Agency leadership will then be tasked with compiling this information in a report containing their individual summaries on higher risk information assets and systems for the Office of the National Cyber Director and Cybersecurity and Infrastructure Security Agency to help budget, plan, and execute the transition from standard to effective post-quantum cryptography.
OMB officials specify that the high-risk systems submitted by agencies will primarily handle sensitive data that can be exploited by any quantum hacking attempts.
“The Biden-Harris Administration is working to ensure US leadership in the emerging field of quantum computing,” Chris DeRusha, the federal chief information security officer, told reporters in a statement. “This global technology race holds both great promise and threats. We are prioritizing our efforts to secure the Federal Government’s sensitive data against potential future compromise by quantum computers; this action signifies the start of a major undertaking to prepare our Nation for the risks presented by this new technology.”
Agencies will have until May 4, 2023 to complete OMB’s request. Within 30 days of the memo’s release, agencies will be tasked with designated a lead for collecting cryptographic systems information. OMB will continue releasing instructions for the collection of the systems inventory.
According to a statement from OMB the migration to post-quantum cryptographic standards will be the most significant to date, and take several years to complete. And let’s face it a goal of seven years in the federal sector really means over a decade in the real world.
Within one year of this new memo’s publication, CISA will help release new strategies for migration, in conjunction with the NIST and the National Security Agency (NSA).
OMB recommended that as they inventory their information systems, federal agencies should collaborate with software vendors to identify post quantum cryptography testing opportunities within their networks, speaking to the Biden administration’s push for public-private sector collaboration.

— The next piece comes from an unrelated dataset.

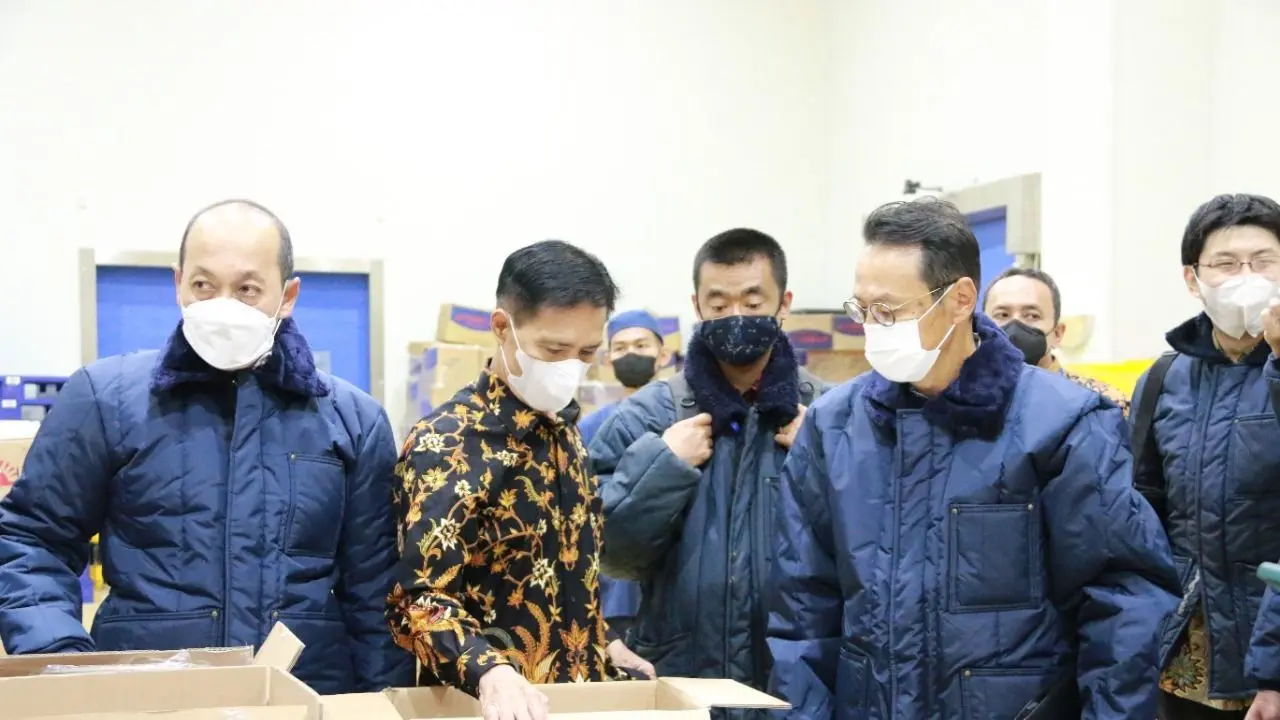 Direktur Pengelolaan Sumber Daya Ikan Ridwan Mulyana mendampingi  Duta Besar Jepang untuk Indonesia Kanasugi Kenji (20/4/2022). (Dok KKP)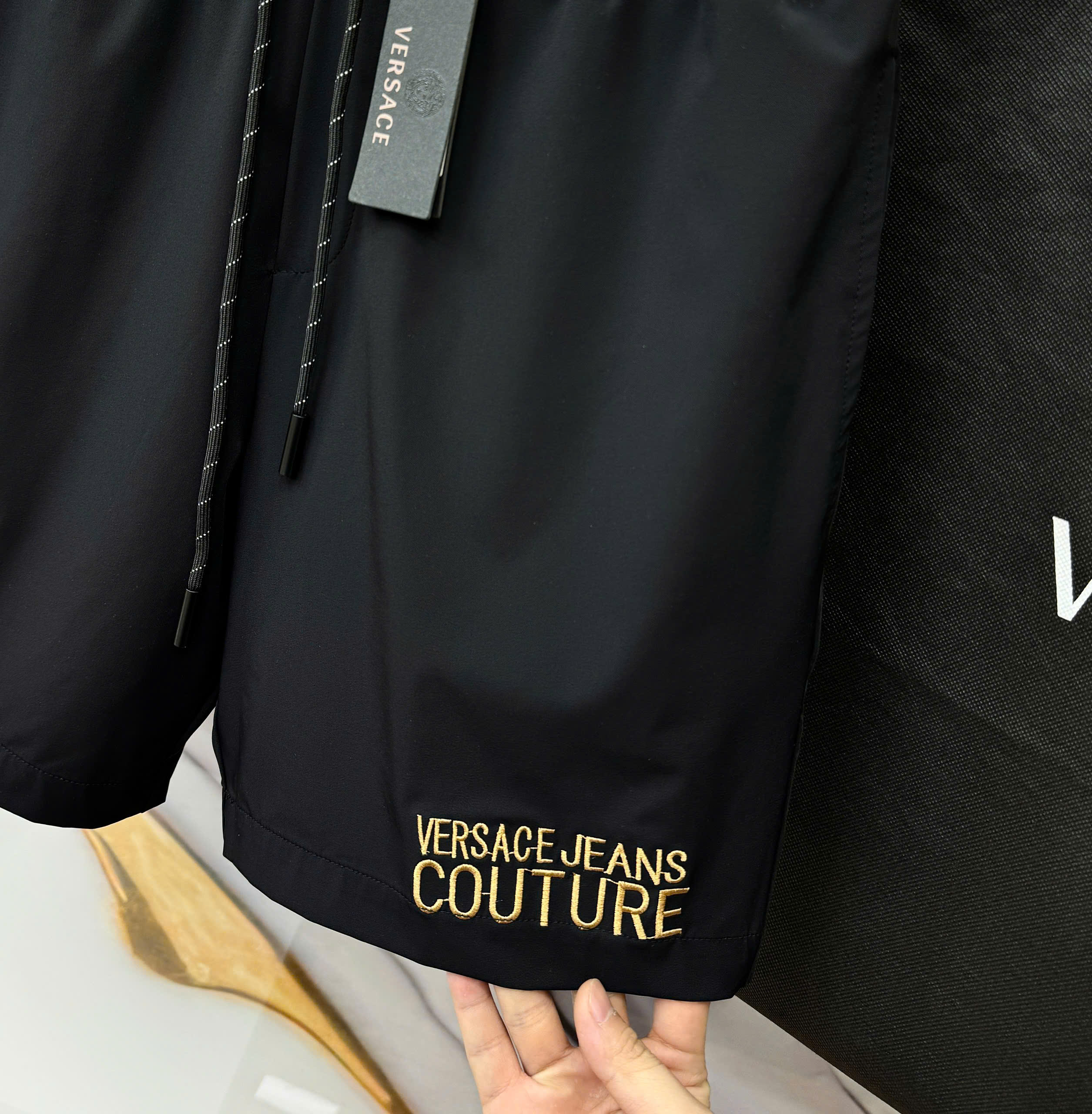 Quần short gió Versace VS Đen logo chữ thêu họa tiết túi sau Like Auth 1-1 on web MK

Several federal agencies have been working in tandem to push the post-quantum migration in government digital networks. NIST previously released four quantum-resistant algorithms to facilitate and expedite updating current code, one of which then got cracked with basically a bloke and his laptop … but, despite that, these will be part of NIST’s ongoing Post-Quantum Cryptography initiative, which is expected to be finalized within two years.